The Bayside corps then sent volunteers to the World Trade Center.

The Little Neck-Douglaston Volunteer Ambulance Corps also sent a team to the attack site, President Stephanie Cordes said.

“They went in immediately,” she said of the Little Neck-Douglaston group. Cordes said her volunteers, some of whom also stayed behind to provide coverage for Queens, helped some of the rescue workers by giving them medical assistance.

Both ambulance corps were forced to change position at Ground Zero for fear of more buildings collapsing, Heffernan and Cordes said.

While the Little Neck-Douglaston Volunteer Ambulance Corps did not lose any equipment or major supplies, Cordes said, the Bayside Volunteer Ambulance Corps known as BVAC did, Heffernan said.

“We almost emptied out our supplies,” said Heffernan, who said the BVAC group gave the medical equipment in its truck to one of the triage centers established after the assault.

Describing Ground Zero after the attack, Heffernan said “it was like a nuclear winter.”
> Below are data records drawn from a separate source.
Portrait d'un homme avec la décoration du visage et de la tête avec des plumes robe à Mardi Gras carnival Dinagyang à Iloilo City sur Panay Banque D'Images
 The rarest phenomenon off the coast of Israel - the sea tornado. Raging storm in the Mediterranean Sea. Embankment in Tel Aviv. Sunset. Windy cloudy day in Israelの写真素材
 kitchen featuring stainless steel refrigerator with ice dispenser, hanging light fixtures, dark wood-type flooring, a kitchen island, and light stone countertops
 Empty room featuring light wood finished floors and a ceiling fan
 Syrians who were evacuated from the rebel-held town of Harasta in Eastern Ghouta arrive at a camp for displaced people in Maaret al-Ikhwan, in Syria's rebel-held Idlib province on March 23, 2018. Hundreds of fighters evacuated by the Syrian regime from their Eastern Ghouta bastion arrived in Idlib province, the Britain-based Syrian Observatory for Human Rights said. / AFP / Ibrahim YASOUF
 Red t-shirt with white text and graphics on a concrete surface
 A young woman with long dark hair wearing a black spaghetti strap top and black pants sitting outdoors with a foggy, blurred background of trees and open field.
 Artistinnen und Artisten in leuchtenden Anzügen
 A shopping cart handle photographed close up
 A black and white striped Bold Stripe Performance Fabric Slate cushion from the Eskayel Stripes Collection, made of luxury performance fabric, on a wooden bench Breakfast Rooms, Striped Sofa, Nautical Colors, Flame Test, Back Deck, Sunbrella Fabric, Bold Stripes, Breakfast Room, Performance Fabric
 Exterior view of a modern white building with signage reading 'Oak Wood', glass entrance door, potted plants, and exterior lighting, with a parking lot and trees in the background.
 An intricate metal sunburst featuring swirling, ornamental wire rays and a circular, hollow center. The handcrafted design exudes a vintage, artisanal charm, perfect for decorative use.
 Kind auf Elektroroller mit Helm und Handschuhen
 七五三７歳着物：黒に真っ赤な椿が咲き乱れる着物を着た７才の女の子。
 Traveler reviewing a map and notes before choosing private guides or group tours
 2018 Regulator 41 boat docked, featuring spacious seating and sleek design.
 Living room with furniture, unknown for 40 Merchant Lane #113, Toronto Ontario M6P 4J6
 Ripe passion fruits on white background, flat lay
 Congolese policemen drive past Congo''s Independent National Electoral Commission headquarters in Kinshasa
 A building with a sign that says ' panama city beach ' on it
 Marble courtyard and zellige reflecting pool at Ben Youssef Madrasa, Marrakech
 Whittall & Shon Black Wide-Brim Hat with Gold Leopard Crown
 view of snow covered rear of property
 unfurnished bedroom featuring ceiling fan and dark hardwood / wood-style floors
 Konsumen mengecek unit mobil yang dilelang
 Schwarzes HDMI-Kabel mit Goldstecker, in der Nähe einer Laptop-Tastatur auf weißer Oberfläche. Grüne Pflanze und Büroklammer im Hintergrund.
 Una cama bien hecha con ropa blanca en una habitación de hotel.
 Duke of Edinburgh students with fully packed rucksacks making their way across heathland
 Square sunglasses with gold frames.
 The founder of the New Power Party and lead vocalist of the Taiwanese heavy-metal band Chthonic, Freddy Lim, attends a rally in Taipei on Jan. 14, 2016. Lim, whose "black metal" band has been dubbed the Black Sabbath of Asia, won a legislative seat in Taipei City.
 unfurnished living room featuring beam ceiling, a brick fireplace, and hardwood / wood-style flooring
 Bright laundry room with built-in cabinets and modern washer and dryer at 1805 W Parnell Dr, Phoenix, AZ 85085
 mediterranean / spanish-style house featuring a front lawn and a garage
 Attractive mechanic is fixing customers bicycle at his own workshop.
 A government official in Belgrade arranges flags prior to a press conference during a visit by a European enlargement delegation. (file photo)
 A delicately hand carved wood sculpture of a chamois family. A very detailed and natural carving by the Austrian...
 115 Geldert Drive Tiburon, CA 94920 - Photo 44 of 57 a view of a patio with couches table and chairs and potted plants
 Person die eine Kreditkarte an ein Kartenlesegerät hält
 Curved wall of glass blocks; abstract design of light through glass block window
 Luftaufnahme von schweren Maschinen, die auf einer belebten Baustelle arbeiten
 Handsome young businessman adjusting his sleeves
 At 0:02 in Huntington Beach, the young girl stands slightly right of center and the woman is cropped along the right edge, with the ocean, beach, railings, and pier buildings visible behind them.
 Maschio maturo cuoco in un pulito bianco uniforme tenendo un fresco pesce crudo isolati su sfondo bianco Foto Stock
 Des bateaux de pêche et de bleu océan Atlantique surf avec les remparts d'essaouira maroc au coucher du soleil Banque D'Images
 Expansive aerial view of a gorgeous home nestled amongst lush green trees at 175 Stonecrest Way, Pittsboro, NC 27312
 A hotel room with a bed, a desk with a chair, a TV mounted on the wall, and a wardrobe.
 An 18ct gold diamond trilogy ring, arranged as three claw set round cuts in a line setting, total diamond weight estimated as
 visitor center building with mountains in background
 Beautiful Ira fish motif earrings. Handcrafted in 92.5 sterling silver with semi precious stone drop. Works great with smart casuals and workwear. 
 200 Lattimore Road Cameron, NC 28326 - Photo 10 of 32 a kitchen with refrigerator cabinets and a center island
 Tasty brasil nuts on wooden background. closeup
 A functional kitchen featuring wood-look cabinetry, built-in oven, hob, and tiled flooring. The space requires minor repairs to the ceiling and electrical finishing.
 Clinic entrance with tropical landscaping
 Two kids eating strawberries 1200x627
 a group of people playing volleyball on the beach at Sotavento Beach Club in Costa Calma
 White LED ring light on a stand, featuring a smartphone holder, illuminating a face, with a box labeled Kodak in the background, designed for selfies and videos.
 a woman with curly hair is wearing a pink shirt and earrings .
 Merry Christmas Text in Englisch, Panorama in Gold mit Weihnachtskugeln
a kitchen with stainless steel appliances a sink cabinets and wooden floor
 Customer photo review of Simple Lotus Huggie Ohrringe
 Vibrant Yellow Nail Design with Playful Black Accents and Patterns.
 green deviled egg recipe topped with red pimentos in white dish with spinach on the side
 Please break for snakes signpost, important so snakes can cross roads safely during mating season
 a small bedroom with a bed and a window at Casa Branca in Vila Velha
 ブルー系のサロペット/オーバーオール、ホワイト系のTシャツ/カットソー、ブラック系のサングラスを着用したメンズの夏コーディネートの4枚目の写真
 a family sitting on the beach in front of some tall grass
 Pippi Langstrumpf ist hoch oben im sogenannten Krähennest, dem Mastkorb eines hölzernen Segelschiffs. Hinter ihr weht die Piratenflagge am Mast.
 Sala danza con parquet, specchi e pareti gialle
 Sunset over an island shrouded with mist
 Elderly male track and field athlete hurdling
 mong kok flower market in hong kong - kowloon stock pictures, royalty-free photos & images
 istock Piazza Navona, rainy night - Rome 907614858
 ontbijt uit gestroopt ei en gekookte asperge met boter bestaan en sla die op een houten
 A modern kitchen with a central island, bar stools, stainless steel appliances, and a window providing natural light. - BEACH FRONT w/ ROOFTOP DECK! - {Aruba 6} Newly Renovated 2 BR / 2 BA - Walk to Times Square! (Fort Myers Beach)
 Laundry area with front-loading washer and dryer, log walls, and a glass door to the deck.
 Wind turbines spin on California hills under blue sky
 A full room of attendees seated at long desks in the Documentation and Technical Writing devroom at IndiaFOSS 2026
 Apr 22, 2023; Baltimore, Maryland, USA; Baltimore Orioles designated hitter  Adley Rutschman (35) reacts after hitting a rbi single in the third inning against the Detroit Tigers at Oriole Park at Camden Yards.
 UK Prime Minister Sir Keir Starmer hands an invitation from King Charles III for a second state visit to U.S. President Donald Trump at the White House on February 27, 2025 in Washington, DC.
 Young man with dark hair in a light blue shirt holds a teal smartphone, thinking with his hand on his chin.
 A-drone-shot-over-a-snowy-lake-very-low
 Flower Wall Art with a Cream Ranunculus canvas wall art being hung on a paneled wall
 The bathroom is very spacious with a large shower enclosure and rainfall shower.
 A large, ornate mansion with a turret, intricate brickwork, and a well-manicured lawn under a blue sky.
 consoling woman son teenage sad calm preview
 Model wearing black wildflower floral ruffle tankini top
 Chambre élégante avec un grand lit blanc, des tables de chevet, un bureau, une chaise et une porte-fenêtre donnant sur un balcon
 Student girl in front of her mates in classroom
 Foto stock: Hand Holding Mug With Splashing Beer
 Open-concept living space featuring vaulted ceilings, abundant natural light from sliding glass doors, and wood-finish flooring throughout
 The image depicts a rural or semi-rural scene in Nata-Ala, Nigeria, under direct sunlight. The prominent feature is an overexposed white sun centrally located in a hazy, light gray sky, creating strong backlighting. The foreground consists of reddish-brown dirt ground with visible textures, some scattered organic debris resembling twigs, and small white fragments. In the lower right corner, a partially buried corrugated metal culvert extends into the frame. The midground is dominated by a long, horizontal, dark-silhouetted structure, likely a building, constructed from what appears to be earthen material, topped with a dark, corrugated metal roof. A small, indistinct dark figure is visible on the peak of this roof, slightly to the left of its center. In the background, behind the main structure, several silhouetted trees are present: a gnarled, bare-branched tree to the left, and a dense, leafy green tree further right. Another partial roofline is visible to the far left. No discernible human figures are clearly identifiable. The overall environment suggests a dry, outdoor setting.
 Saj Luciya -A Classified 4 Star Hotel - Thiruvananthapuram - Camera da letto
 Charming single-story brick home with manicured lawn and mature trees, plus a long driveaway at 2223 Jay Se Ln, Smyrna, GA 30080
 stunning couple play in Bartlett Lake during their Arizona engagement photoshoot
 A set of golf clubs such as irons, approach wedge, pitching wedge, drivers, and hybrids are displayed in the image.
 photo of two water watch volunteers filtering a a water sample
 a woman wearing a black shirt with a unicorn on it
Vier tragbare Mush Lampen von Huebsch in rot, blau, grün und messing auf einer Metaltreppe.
“It was hell on earth,” he said. “Everything had an orange glow from the fires and there was smoke. There was almost no sound — everything was totally absorbed.”

Heffernan said he was planning to award each member of BVAC who served at Ground Zero or helped the rescue effort special certificates in recognition of their work.

“I am extraordinarily proud of my members and the people of Bayside for their support of their city and country,” he said.